Source records:
══════════════════════════════
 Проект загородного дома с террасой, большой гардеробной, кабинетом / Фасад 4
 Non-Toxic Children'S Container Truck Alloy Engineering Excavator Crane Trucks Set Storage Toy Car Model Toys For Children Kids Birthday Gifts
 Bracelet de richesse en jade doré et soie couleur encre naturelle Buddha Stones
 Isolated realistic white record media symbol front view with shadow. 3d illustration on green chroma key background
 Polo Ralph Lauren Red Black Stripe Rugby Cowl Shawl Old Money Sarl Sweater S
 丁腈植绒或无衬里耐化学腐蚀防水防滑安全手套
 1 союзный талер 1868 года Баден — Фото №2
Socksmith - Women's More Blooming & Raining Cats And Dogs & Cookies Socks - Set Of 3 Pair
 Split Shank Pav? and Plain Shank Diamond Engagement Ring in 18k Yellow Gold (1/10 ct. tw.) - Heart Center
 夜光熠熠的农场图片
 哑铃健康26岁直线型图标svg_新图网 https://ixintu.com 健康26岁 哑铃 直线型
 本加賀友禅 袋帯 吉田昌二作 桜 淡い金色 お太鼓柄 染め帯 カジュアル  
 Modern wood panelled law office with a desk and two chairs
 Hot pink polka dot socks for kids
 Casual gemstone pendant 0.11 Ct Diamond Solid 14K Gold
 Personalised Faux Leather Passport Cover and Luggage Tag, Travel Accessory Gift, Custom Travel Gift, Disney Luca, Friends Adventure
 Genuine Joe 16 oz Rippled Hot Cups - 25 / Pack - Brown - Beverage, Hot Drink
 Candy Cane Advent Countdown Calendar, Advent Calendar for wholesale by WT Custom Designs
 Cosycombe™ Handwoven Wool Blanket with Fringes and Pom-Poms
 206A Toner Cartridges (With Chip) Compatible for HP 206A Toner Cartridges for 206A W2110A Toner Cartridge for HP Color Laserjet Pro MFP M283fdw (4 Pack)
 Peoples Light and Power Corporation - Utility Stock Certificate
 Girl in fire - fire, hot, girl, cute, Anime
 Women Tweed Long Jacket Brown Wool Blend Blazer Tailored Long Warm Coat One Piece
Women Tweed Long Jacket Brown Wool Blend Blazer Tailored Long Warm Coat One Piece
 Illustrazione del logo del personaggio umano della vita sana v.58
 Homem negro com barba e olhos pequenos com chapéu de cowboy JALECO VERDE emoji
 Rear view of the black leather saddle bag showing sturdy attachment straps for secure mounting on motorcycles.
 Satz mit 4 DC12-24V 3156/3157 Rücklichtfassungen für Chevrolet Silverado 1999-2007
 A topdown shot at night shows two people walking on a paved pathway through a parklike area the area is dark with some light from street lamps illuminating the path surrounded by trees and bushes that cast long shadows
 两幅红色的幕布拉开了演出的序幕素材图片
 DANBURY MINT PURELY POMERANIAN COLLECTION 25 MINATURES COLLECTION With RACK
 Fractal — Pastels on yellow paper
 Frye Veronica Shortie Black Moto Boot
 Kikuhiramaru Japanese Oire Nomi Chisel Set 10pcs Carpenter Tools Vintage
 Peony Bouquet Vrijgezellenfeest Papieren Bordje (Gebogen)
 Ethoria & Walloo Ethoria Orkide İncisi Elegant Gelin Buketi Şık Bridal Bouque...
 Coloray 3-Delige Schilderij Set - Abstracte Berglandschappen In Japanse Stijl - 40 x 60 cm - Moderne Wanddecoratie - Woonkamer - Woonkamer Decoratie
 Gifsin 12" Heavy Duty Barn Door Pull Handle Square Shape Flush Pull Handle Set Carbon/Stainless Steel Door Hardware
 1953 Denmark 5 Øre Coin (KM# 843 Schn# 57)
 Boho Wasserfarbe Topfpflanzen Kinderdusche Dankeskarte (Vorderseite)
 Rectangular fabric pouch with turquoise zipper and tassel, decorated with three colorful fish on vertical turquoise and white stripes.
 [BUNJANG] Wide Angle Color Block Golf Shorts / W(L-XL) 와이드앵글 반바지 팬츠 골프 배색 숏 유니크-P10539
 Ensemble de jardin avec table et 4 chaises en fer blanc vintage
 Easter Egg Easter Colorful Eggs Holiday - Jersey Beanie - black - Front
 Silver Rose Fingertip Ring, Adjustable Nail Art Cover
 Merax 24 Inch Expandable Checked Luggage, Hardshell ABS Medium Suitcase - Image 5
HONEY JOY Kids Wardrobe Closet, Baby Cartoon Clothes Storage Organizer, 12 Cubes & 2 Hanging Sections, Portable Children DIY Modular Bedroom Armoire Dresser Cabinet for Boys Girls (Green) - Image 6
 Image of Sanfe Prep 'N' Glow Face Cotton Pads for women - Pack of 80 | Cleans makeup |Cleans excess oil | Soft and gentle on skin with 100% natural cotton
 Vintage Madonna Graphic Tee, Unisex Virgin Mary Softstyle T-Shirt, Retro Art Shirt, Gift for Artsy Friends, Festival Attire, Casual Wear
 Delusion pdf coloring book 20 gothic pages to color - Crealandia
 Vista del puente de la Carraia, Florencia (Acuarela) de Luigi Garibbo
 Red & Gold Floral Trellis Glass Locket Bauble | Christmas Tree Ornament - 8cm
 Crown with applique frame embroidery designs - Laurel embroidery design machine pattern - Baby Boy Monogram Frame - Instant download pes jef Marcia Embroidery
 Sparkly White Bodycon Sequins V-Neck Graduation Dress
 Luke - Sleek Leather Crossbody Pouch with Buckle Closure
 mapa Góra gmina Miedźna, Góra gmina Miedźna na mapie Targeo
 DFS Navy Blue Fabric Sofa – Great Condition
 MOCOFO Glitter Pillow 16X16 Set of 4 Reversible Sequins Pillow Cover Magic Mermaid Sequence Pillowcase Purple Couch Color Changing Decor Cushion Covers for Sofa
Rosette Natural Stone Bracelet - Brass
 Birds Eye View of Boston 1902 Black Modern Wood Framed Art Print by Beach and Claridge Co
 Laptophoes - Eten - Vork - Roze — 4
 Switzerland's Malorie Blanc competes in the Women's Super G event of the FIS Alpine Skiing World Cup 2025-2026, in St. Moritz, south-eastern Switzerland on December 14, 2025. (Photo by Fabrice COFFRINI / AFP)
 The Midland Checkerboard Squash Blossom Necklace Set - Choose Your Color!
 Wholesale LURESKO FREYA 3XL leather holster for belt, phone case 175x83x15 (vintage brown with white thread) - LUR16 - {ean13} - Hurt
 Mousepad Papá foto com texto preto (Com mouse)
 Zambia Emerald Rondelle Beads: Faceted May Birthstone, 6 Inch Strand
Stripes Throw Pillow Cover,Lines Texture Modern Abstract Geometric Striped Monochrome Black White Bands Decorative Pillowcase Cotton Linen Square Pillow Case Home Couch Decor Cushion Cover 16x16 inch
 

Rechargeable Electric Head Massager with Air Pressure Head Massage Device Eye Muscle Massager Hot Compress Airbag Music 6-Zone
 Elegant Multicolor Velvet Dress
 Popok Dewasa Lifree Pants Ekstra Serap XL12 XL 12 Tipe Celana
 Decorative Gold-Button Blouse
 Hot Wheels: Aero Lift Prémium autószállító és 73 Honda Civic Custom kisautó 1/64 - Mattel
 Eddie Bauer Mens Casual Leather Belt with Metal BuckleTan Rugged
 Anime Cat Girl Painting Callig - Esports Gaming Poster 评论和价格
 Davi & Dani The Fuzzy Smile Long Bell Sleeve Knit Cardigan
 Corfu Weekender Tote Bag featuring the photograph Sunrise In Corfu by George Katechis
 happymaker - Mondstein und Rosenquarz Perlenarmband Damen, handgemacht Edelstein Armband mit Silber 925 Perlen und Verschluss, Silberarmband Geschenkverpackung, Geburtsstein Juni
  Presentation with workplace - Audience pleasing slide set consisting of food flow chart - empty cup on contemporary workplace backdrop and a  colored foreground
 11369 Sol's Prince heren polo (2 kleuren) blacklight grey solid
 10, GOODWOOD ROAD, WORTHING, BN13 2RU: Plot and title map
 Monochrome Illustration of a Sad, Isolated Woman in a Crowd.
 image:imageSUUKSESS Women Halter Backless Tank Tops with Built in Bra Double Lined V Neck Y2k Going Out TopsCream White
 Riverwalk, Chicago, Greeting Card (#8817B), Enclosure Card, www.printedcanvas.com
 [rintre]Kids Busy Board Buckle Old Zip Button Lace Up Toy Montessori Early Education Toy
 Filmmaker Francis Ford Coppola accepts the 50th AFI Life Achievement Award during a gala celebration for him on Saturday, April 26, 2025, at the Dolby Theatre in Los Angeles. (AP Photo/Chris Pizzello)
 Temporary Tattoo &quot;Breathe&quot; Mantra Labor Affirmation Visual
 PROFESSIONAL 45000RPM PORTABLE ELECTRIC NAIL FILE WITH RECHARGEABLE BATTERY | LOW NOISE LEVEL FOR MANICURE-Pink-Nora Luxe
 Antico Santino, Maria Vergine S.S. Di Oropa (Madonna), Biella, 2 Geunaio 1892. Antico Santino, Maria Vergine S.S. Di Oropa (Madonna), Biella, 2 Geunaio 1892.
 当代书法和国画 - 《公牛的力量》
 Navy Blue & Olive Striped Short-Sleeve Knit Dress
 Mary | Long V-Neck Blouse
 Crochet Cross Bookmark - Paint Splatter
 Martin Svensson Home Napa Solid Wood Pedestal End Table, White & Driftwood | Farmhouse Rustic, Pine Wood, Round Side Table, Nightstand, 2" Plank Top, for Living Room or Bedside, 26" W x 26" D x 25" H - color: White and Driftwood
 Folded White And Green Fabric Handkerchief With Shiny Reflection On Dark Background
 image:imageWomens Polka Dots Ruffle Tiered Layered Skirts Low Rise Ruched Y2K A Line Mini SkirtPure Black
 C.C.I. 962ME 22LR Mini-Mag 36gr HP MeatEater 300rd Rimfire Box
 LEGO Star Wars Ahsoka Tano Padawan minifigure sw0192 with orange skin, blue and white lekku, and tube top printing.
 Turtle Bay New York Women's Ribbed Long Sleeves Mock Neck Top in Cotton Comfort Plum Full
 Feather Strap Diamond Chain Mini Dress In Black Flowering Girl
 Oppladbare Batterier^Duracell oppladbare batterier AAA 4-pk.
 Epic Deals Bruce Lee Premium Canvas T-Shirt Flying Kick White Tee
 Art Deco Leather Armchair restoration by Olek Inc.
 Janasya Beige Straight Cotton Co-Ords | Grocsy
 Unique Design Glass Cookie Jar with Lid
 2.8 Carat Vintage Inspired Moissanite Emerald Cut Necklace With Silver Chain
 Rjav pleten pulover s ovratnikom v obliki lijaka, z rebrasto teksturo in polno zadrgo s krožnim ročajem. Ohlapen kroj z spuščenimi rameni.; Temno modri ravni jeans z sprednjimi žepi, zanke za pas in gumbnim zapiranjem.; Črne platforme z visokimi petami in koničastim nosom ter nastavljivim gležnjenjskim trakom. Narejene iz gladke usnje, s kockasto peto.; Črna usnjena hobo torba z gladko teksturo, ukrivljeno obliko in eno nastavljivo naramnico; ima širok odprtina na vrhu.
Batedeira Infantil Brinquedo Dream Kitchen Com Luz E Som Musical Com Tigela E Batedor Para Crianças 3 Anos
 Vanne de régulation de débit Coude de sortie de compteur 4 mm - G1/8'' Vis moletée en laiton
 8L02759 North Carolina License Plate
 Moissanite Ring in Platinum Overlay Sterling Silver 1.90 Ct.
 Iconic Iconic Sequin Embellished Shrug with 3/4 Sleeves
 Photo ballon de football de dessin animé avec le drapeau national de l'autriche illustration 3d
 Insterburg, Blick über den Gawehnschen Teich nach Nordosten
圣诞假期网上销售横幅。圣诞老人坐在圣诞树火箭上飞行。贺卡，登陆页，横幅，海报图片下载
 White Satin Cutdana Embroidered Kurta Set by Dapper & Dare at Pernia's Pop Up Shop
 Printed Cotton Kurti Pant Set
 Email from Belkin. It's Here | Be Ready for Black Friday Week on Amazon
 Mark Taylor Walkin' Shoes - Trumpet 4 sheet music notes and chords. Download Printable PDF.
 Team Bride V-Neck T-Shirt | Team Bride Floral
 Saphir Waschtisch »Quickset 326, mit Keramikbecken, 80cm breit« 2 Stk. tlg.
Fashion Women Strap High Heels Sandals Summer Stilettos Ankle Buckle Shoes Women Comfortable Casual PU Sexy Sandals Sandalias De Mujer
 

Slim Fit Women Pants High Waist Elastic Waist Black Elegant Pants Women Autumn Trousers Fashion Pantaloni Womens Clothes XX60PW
══════════════════════════════
> _Problem statement_
Could you return exactly the stretch of the data above that starts at the line with "LEGO Star Wars" and ends at the line with "Oppladbare Batterier^Duracell oppladbare", both lines included?

> _Expected answer_
 LEGO Star Wars Ahsoka Tano Padawan minifigure sw0192 with orange skin, blue and white lekku, and tube top printing.
 Turtle Bay New York Women's Ribbed Long Sleeves Mock Neck Top in Cotton Comfort Plum Full
 Feather Strap Diamond Chain Mini Dress In Black Flowering Girl
 Oppladbare Batterier^Duracell oppladbare batterier AAA 4-pk.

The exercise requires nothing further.